WORK INSTRUCTION ::
Scan the records beneath this line for the line holding "NBA Los Angeles" and the line holding "2010-2011 Toyota Camry", then transcribe exactly those two and all lines between.

TASK MATERIAL ::
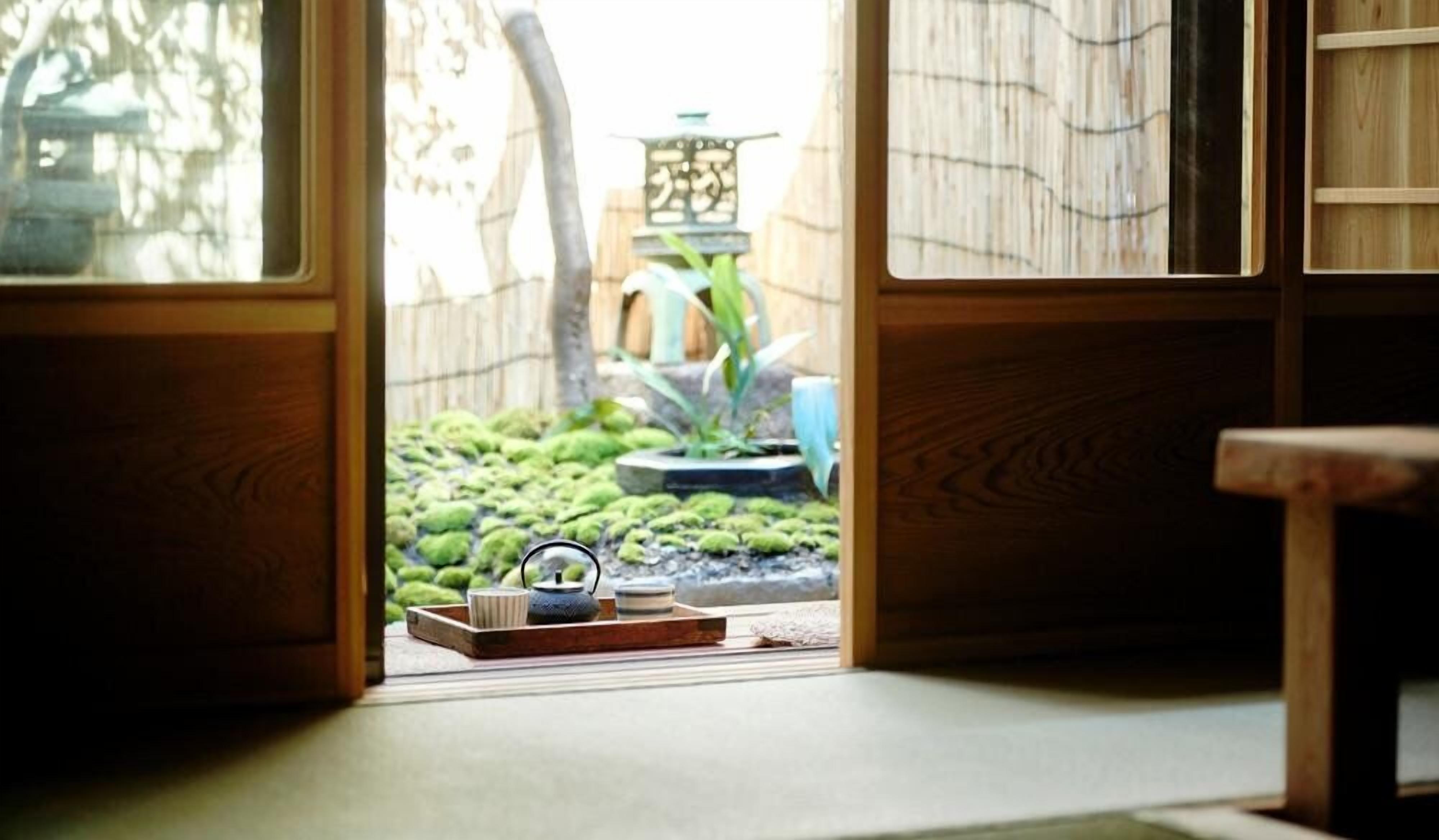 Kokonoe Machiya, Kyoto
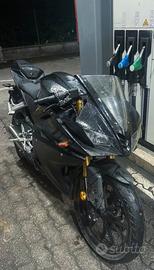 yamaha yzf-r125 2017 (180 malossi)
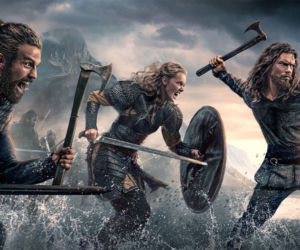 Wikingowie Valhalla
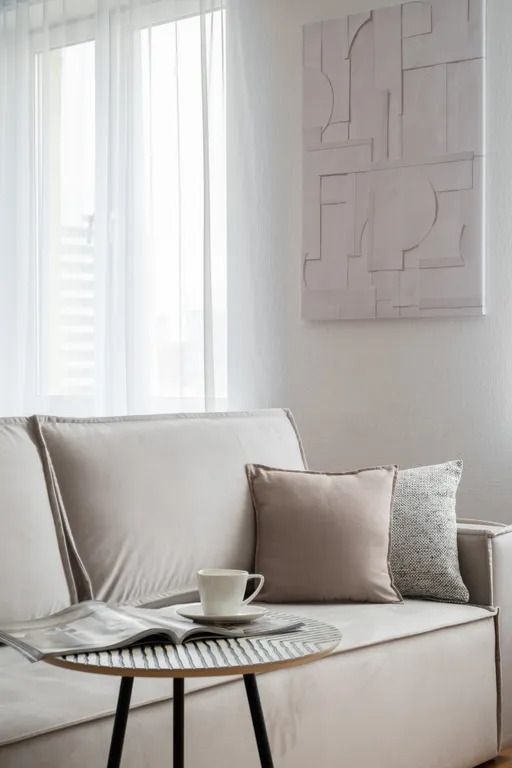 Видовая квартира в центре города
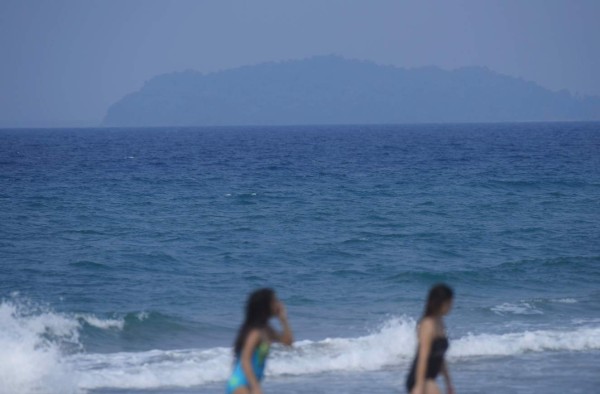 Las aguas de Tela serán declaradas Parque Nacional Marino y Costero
---
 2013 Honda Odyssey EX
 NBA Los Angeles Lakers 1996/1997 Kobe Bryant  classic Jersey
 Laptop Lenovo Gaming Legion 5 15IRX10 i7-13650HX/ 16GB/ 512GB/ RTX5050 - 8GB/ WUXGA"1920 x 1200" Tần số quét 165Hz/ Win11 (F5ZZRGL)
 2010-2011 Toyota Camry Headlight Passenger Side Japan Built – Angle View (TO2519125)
...
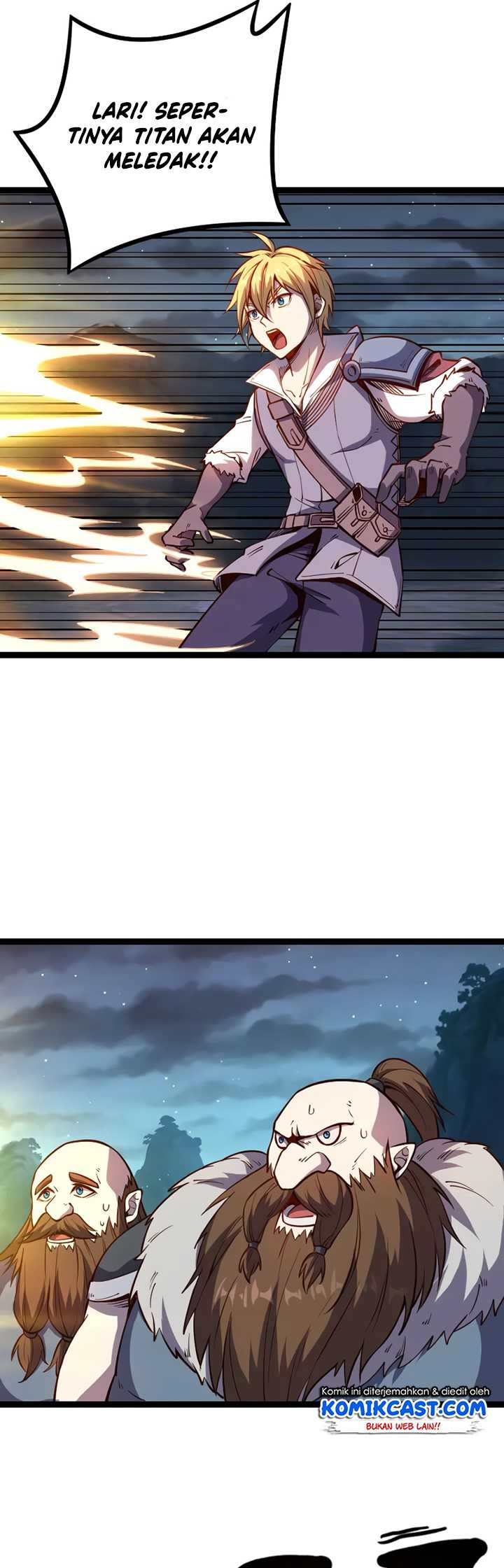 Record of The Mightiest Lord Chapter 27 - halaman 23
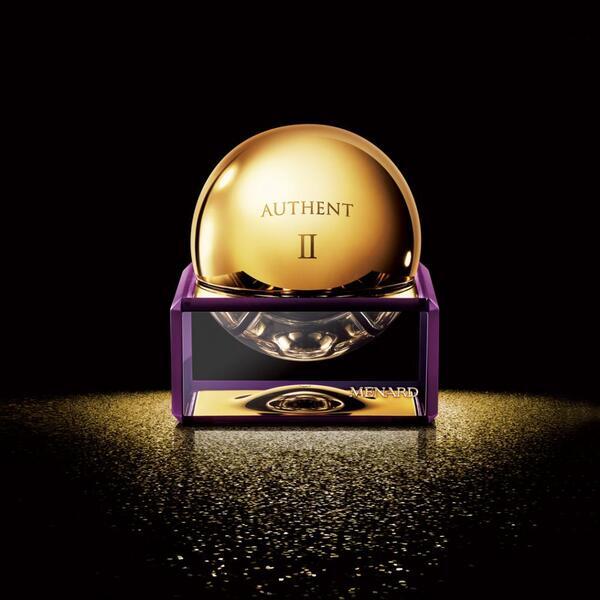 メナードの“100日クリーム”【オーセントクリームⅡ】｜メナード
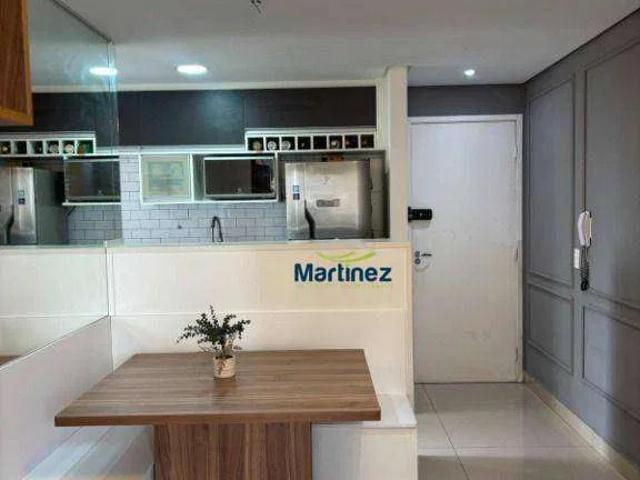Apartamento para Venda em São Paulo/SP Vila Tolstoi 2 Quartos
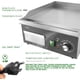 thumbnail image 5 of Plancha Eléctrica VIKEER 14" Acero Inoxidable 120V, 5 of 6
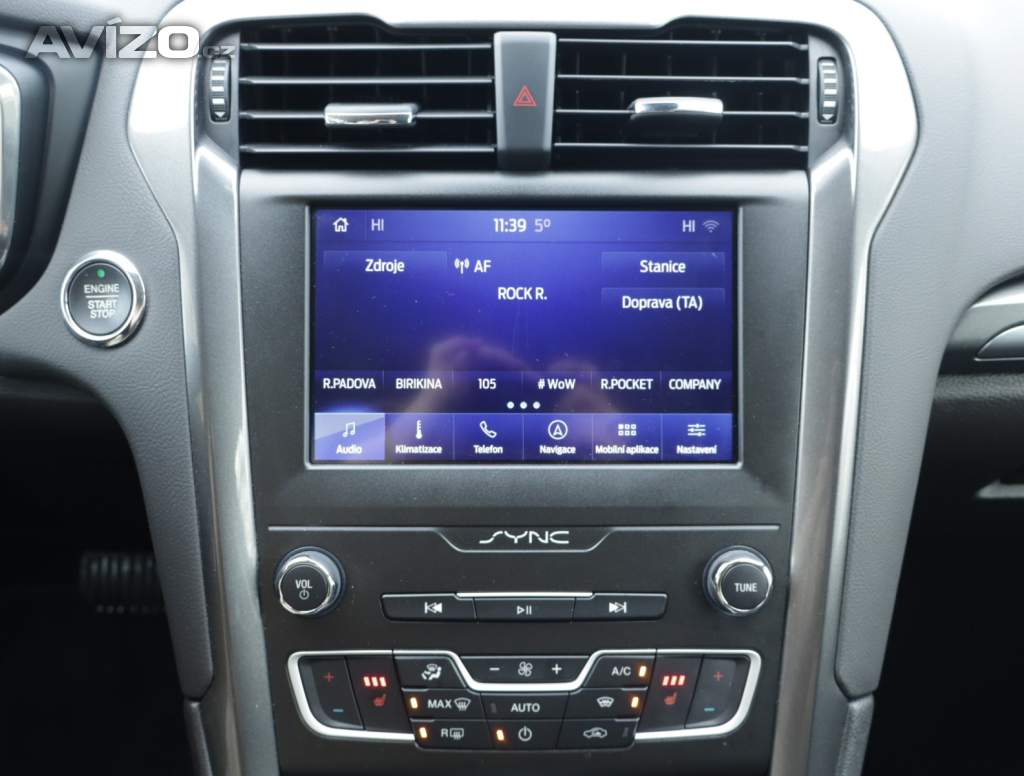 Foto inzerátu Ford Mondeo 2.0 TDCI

SOLVED EXERCISE ::
 NBA Los Angeles Lakers 1996/1997 Kobe Bryant  classic Jersey
 Laptop Lenovo Gaming Legion 5 15IRX10 i7-13650HX/ 16GB/ 512GB/ RTX5050 - 8GB/ WUXGA"1920 x 1200" Tần số quét 165Hz/ Win11 (F5ZZRGL)
 2010-2011 Toyota Camry Headlight Passenger Side Japan Built – Angle View (TO2519125)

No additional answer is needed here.